**What is needed**. Going down the data below, set down exactly the line with "Coconut Creeks High" and each line after it through the line with "Agia Efimia Villa | Ionian Infinity Villa"; no other lines.

_ _ _ _ _

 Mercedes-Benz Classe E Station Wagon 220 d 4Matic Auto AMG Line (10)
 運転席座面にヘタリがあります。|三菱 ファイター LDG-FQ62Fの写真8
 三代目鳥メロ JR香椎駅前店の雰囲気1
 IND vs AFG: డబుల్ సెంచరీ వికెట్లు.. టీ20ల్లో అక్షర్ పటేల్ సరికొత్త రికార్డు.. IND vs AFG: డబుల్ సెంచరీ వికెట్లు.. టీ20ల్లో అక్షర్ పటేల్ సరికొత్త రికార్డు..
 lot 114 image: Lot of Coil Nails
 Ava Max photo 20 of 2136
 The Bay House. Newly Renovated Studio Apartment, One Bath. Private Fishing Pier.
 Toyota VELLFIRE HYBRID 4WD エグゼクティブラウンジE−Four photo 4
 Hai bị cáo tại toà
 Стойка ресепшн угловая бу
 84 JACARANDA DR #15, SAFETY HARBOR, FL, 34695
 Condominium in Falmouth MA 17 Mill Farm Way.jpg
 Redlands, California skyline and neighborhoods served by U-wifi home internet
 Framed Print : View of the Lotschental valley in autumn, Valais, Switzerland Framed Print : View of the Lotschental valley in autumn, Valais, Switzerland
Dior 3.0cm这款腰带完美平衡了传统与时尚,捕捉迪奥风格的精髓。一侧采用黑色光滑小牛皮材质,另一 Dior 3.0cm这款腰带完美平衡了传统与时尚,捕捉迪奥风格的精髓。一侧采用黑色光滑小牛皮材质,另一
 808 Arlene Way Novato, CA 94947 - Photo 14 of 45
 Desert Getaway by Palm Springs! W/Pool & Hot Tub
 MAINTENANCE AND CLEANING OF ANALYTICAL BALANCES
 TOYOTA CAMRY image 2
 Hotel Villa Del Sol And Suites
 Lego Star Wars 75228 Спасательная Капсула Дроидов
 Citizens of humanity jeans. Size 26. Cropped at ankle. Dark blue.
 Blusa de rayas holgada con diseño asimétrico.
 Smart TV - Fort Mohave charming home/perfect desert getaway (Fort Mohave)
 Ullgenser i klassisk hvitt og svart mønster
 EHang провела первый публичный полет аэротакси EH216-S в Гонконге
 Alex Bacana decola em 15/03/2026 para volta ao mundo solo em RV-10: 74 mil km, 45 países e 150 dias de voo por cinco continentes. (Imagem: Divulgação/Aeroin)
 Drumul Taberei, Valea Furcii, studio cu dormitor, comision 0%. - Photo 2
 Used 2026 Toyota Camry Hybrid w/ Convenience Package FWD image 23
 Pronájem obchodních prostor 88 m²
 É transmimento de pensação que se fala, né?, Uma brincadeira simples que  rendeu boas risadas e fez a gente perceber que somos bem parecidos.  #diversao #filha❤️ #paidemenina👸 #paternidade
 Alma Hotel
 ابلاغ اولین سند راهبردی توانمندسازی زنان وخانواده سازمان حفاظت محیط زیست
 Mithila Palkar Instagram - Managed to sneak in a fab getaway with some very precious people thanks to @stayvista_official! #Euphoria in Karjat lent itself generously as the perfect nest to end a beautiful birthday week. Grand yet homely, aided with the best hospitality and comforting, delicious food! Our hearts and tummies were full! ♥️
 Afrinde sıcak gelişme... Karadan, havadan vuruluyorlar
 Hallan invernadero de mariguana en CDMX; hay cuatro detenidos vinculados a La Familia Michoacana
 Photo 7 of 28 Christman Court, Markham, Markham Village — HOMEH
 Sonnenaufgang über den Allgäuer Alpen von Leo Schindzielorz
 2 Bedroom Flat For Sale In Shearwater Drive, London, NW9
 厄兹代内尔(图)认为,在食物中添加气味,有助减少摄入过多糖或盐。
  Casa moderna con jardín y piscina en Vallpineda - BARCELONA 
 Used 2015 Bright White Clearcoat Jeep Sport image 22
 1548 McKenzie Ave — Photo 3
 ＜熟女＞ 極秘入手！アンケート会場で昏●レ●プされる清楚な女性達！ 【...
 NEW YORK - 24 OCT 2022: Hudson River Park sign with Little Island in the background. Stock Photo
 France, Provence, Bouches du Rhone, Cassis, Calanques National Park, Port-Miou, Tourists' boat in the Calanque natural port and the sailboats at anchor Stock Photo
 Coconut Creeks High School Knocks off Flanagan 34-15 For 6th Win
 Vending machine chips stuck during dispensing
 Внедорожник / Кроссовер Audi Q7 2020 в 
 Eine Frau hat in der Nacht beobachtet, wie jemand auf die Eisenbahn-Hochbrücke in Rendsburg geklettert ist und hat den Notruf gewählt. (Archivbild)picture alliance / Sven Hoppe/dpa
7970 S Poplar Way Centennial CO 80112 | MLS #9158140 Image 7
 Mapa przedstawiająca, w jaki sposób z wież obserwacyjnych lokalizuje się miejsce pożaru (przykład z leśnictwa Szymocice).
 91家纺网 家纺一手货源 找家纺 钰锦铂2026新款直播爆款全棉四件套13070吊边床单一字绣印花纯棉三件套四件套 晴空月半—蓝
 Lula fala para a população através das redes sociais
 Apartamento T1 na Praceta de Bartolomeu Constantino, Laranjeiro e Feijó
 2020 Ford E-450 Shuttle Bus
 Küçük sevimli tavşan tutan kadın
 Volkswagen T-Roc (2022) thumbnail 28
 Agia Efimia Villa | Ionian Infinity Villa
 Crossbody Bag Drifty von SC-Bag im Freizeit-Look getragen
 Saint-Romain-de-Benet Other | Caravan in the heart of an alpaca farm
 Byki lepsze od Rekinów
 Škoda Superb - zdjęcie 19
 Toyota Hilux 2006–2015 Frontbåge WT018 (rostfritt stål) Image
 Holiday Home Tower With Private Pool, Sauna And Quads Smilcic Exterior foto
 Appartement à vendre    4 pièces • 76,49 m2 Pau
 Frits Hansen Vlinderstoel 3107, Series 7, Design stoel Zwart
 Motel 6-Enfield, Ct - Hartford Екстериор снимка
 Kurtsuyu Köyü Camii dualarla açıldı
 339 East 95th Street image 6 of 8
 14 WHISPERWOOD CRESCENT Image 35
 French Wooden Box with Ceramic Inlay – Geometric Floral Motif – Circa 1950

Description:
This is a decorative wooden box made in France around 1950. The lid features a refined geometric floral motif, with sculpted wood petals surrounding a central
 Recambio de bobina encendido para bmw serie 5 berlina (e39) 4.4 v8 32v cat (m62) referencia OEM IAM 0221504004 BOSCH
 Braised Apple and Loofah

_ _ _ _ _

**Exercise result**.
 Coconut Creeks High School Knocks off Flanagan 34-15 For 6th Win
 Vending machine chips stuck during dispensing
 Внедорожник / Кроссовер Audi Q7 2020 в 
 Eine Frau hat in der Nacht beobachtet, wie jemand auf die Eisenbahn-Hochbrücke in Rendsburg geklettert ist und hat den Notruf gewählt. (Archivbild)picture alliance / Sven Hoppe/dpa
7970 S Poplar Way Centennial CO 80112 | MLS #9158140 Image 7
 Mapa przedstawiająca, w jaki sposób z wież obserwacyjnych lokalizuje się miejsce pożaru (przykład z leśnictwa Szymocice).
 91家纺网 家纺一手货源 找家纺 钰锦铂2026新款直播爆款全棉四件套13070吊边床单一字绣印花纯棉三件套四件套 晴空月半—蓝
 Lula fala para a população através das redes sociais
 Apartamento T1 na Praceta de Bartolomeu Constantino, Laranjeiro e Feijó
 2020 Ford E-450 Shuttle Bus
 Küçük sevimli tavşan tutan kadın
 Volkswagen T-Roc (2022) thumbnail 28
 Agia Efimia Villa | Ionian Infinity Villa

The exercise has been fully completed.